My friend got caught smuggling children’s TV memorabilia through Customs. He could have got away with it but he dropped a clanger.
My inability to pronounce Spanish names makes me sad, and I’m not even Jaoquin.
Shit! One of the kids just poked me in the eye while the other was twisting my ear and now I’m back to factory settings.
People who ride the underground all day trying to fare evade. Where do they get off, eh?
Your local pub showing the FA Cup? Pretend you’re Prince William by shaking hands with everyone and getting them to sing about your nan.
Martin Tyler: “That’s a good decision from the referee – he’s let one go”. Must be the nerves.
Earlier this evening I asked you all to send me some wrestling terms. Thanks for all your submissions.
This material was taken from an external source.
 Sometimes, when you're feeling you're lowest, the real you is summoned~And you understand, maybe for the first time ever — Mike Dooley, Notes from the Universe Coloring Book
Breaking: Gary Barlow to check into rehab to address his ‘randomly turning up at weddings’ addiction.
My boss calls me ‘The Computer’. Nothing to do with intelligence, I go to sleep if left unattended for 15 minutes.
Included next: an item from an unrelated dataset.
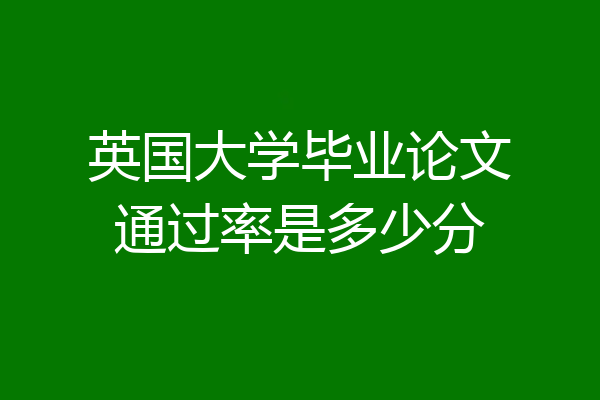 英国大学毕业论文通过率是多少分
“Thanks for calling Army Drill Sergeants Direct. Press 1 to speak to an instructor” *1*
“I SAID PUSH 1, NOT ASK YOUR BABY SISTER TO PUSH 1!”
I once went out with this gorgeous nymphomaniac. We used to have 6-hour marathon sex sessions every night until it went pear-shaped.
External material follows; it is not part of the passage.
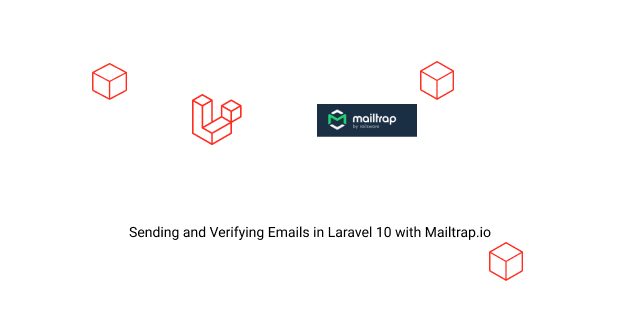 sending and verifying emails in laravel 10 with mailtrap.io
Welcome to Atheist Club. We are a non-prophet organisation.
Me doing the dishes is like my wife giving me a handjob. We both fumble around until one of us says “It’d be quicker if I finished it myself”.
“Ah, Mr Bond, I-”
*closes laptop lid and pulls up trousers*
“-wasn’t expecting you”.
“Please don’t be alarmed!” ~ A working burglar, talking to himself.
TIP: Victorians. Make your bicycle easier to ride by having it converted to a ‘penny-penny’.
“What have I let myself in for?” ~ Forgetful burglar.
The Queen’s Speech reveals plans to extend the right-to-buy-to-sell-to-private-landlords-to-rent scheme.
Breaking: Tony Blair steps down as Middle East ‘Peace Envoy’ to begin new role as FIFA ‘Ethics Advisor’.
Have you been in an accident that wasn’t your fault? No it never is, is it? You’re just like your father. Call disappointedmothers4u.
Just watching Sunday Brunch. I hope Tim Lovejoy spends all of this cookery segment talking to Richard Blackwood about when he got his shit chute rinsed out on Channel 5.